Radio continuum image of the pilot region in the range 28° < l < 36°. Top: combination of the VLA D configuration and the Effelsberg single-dish images. Bottom: D configuration VLA image of the full continuum of the same longitude range already shown in Medina et al. (2019).

In the D configuration image we find a total of 1575 discrete radio sources and 27 large-scale structures. From these sources, 231 continuum sources were classified as H II regions, 37 as ionization fronts, and 46 as planetary nebulae. The catalog of sources is published in Medina et al. (2019). In the B configuration images, we detect about 1400 sources above 7σ in total (Dzib et al., in prep.). The similar detection rate to the D configuration images can be explained by lower noise in regions with extended emission in the D configuration images, by sources that split into multiple sources at a higher spatial resolution, while extended sources are completely resolved out. In the same region the CORNISH survey with the same spatial resolution as our B configuration images finds a total of 353 sources (Purcell et al. 2013).

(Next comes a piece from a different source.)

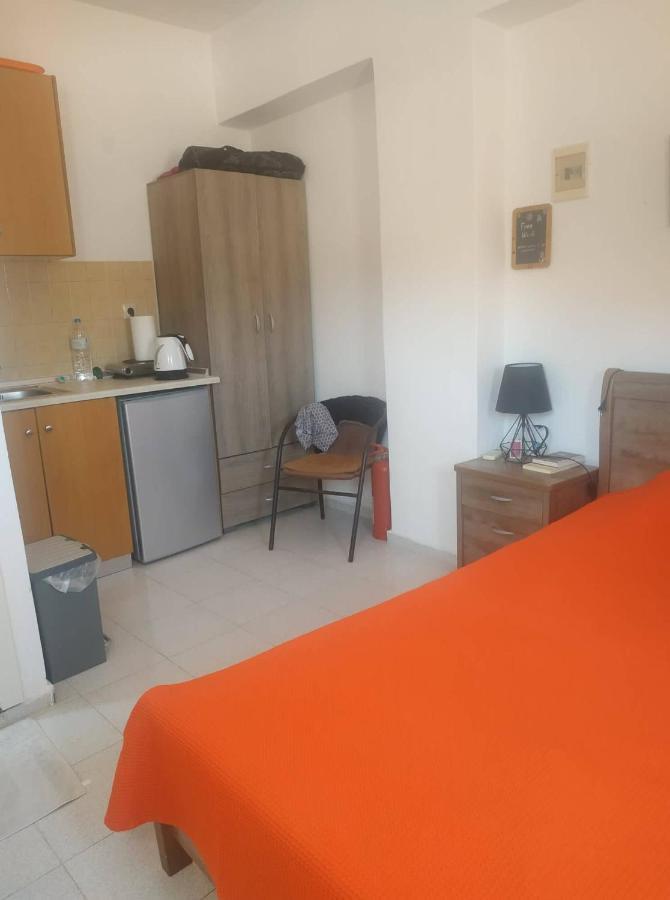 Spiros Apartments Livadia  Exterior photo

In addition to many sources that are located in the Milky Way, there is also a large number of extragalactic sources in the survey. While these sources were not the main focus of the survey, they are an interesting by-product (e.g., Chakraborty et al. 2020).

In Fig. 6 we show the details of a smaller region on all available scales, starting with the Effelsberg and D configuration combination down to the image using only the B configuration that contains only the most compact sources. While some of the extended emission is resolved out in the combined images, the higher resolution shows finer details of the sources.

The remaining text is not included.